====== Data ======

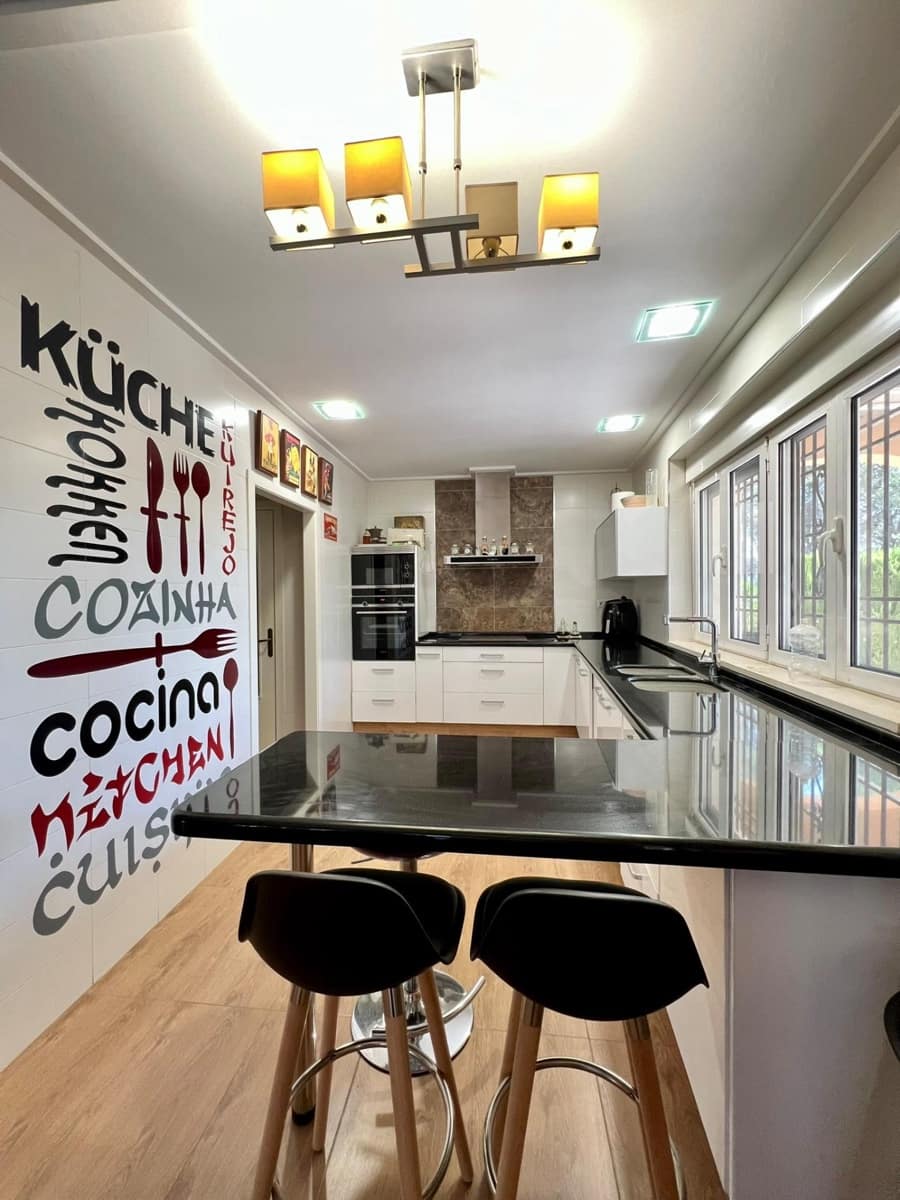 5 soveværelse Villa til salg i Cocentaina med swimmingpool - € 400.000 (Ref: 9548373)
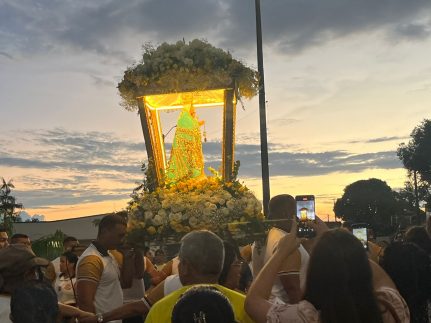 Círio de Nossa Senhora do Carmo abre festejos em Parintins sob chuva e devoção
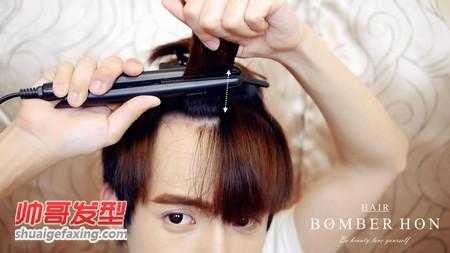 怎么使头发变蓬松（怎么使头发变蓬松男生）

======

◆ Exercise brief: Going from the line holding "Círio de Nossa" to the last line of the data above, reproduce every line exactly, both included, with the pictures omitted.

◆ The answer:
 Círio de Nossa Senhora do Carmo abre festejos em Parintins sob chuva e devoção
 怎么使头发变蓬松（怎么使头发变蓬松男生）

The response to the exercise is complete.